Reprojection - changing spatial reference system (SRS). Here, we reproject apartments to save in the same SRS as the buffer. I am using GDAL system utility, ogr2ogr - much easier to achieve than using OGR/OSR python package

# compare SRS of the two shapefiles
sts=ogr.GetDriverByName('ESRI Shapefile').Open('CTAbrown.shp')
print "SRS of CTA stations is:\n", sts.GetLayer().GetSpatialRef().ExportToProj4()
apt=ogr.GetDriverByName('ESRI Shapefile').Open('apartments.shp')
print "\nSRS of the original apartments is:\n", apt.GetLayer().GetSpatialRef().ExportToProj4()

# copy SRS from "CTA stations" in proj4, then apply it to reproject "apartments" which was originally in WGS84
# if we knew EPSG code, we could also use the code: ex. tosrs='EPSG:102671'
tosrs=sts.GetLayer().GetSpatialRef().ExportToProj4()
fmsrs=apt.GetLayer().GetSpatialRef().ExportToProj4()
args='ogr2ogr -overwrite -f "ESRI Shapefile" -t_srs "'+tosrs+'" -s_srs "'+fmsrs+'" apartmentsNEW.shp apartments.shp'
os.system(args)

# use the reproject apartments
apt=ogr.GetDriverByName('ESRI Shapefile').Open('apartmentsNEW.shp')
print "\nSRS of the reprojected apartments is:\n", apt.GetLayer().GetSpatialRef().ExportToProj4()

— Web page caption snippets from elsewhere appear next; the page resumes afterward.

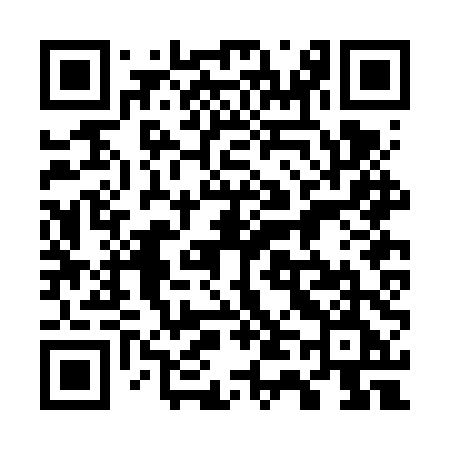 QR code for 742FTE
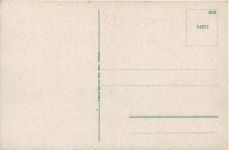 Offenburg - Rathausplatz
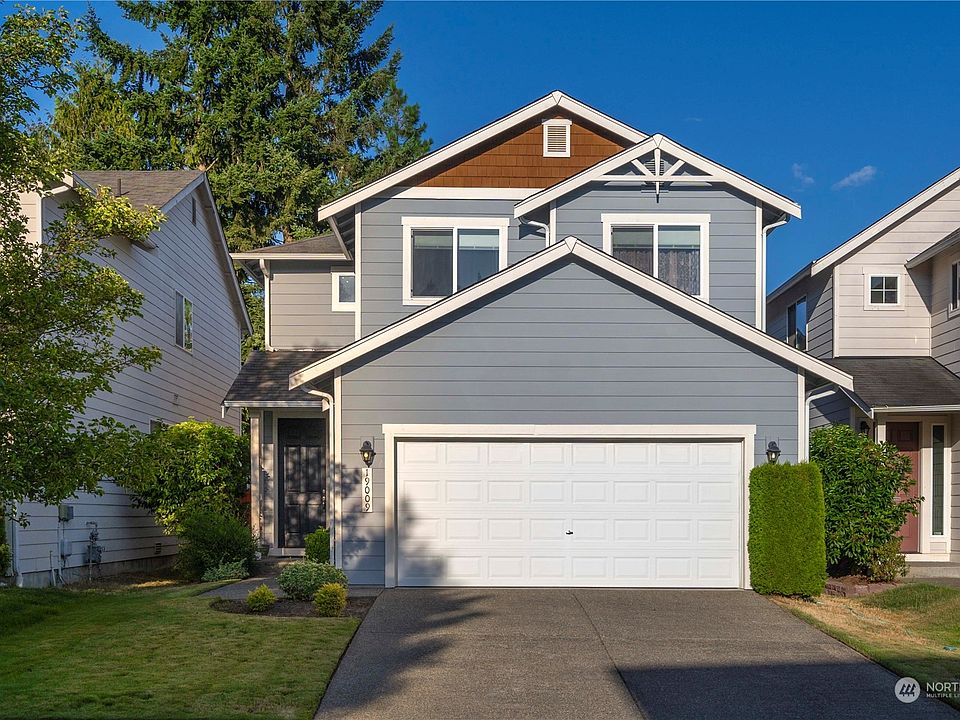 1st image of 19009 97th Avenue Ct E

Another OGR advantage is the ability to select objects by location. We will use the previously merged buffer to select apartments

# plot all apartments
plt.figure()
x,y=[],[]
# correct XY of all station points
apt=ogr.GetDriverByName('ESRI Shapefile').Open('apartmentsNEW.shp')
for feature in apt.GetLayer():
    geomRef=feature.GetGeometryRef()
    x.append(geomRef.GetX()) # get X from each point and add to the list
    y.append(geomRef.GetY()) # get y from each point and add to the list
i1,=plt.plot(x,y, 'bo')

# make a selection by location/buffer zone using a spatial filter
apt.GetLayer().SetSpatialFilter(stsBufferMerge)
print "Total number of selected apartments are:", apt.GetLayer().GetFeatureCount()

# plot selected apartments
x,y=[],[]
# correct XY of all station points
for feature in apt.GetLayer():
    geomRef=feature.GetGeometryRef()
    x.append(geomRef.GetX()) # get X from each point and add to the list
    y.append(geomRef.GetY()) # get y from each point and add to the list
i2,=plt.plot(x,y, 'ro')

# add the merged buffer - no loop, only one geometry
x = [stsBufferMerge.GetGeometryRef(0).GetX(i) for i in range(stsBufferMerge.GetGeometryRef(0).GetPointCount())]
y = [stsBufferMerge.GetGeometryRef(0).GetY(i) for i in range(stsBufferMerge.GetGeometryRef(0).GetPointCount())]
i3,=plt.plot(x,y, '-', color='saddlebrown')

# put all together
plt.gca().set_aspect('equal', adjustable='box')
plt.legend([i1,i2,i3],['Input','Selected','Buffer'], bbox_to_anchor=(1,1), bbox_transform=plt.gcf().transFigure)
plt.show()

Let's calculate the distance to the nearest CTA stations from each apartment using Geopy's vincenty function!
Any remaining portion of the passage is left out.